Asylwerber vor einem Informationsschalter
APA/Herbert Neubauer
Plan steht

Regierung will Asylwesen verstaatlichen

Die Koalition will die Verstaatlichung des Asylwesens voranbringen. Justiz- und Innenministerium verständigten sich auf einen Begutachtungsentwurf, der die Betreuung und Beratung von Flüchtlingen in die Hände einer Agentur gibt, die unter der Ägide des Innenministeriums steht. Die bisherigen Anbieter, zum Beispiel NGOs, müssen ihre Agenden somit abgeben. Erste Kritik ließ am Freitag nicht lange auf sich warten.
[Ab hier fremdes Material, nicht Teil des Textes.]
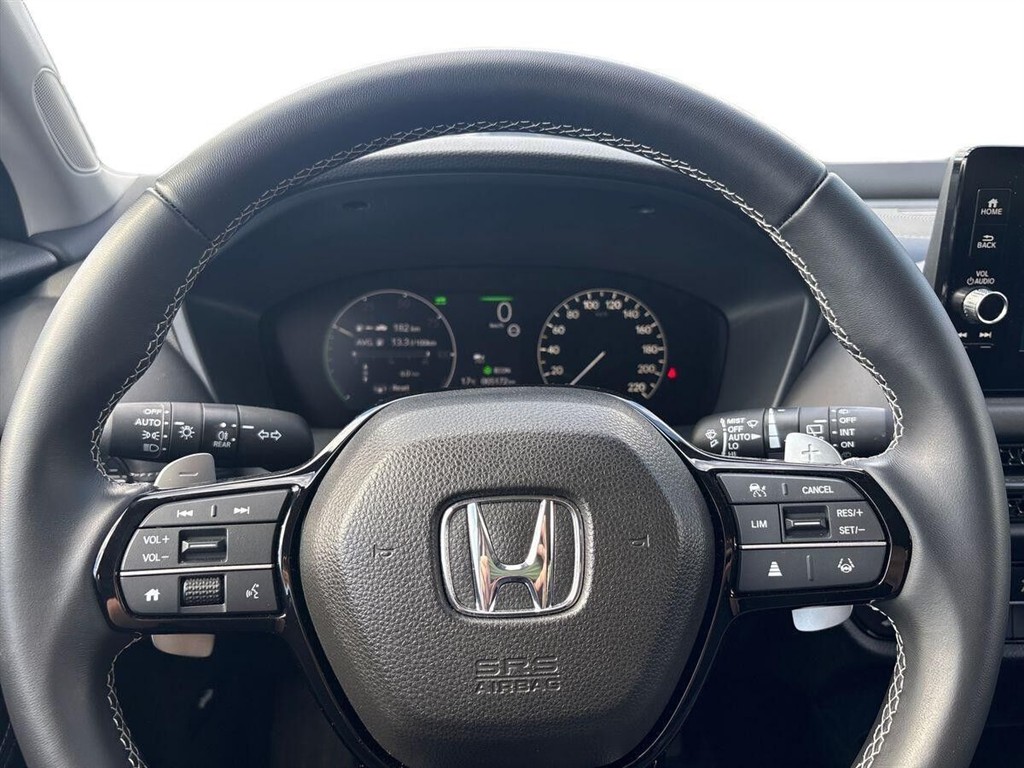 Honda ZR-V 2,0 i-MMD Hybrid Elegance 184HK 5d Aut. - Image 11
Das FPÖ-geführte Innenministerium wollte die entsprechenden Verträge in der Rechtsberatung eigentlich schon mit Jahresende kündigen. Beratung und Betreuung hätten somit schon 2020 in staatliche Obhut übergeben werden sollen. Da das ÖVP-Justizministerium, das für die Asylberufungsinstanz zuständig ist, von den Plänen aber nicht überzeugt war, verschiebt sich nun alles um ein Jahr.

Als sicher gilt, dass die Rechtsberatung in der neuen, staatlichen Agentur eine Eigenständigkeit erhält und der Leiter bzw. die Leiterin dieser Abteilung vom Justizminister bestellt wird. Grundsätzlich ist gemäß den Koalitionsplänen, die der APA als Punktation vorliegen, geplant, eine Bundesagentur für Betreuungs- und Unterstützungsleistungen (BBU) zu etablieren.

Kickl soll Weisungsbefugnis erhalten

Die geplante BBU ist als Gesellschaft mit beschränkter Haftung (GmbH) geplant, die ausschließlich mildtätige und gemeinnützige Zwecke zu verfolgen haben soll. Innenminister Herbert Kickl (FPÖ) wäre gegenüber der BBU-Geschäftsführung weisungsbefugt und würde die allgemeinen Grundsätze der Geschäftspolitik und der Unternehmensführung vorgeben. Die Agentur soll in den Bundesquartieren unter anderem für die Unterbringung, Verköstigung sowie für die Rechts- und Rückkehrberatung zuständig sein. Jene Quartiere, die von den Bundesländern betrieben werden, wären von der Reform aber nicht betroffen.

Bisher sind für die Bundesquartiere, etwa die Erstaufnahmestellen Traiskirchen und Thalham, kommerziell orientierte ausländische Firmen zuständig, zunächst das Unternehmen European Homecare, zuletzt die ORS Service GmbH. Das geht auf die Zeit des ehemaligen Innenministers Ernst Strasser (ÖVP) zurück. Die ORS soll ihre Aufgaben mit Mitte 2020 an die BBU übergeben. Die Auflösung der laufenden Verträge ist noch nicht erfolgt, man sei aber in guten Gesprächen, hieß es aus dem Innenministerium. Mit 2021 soll dann auch die Rechts- und Rückkehrberatung von NGOs wie der Diakonie und der Caritas an die neue, staatliche Agentur gehen.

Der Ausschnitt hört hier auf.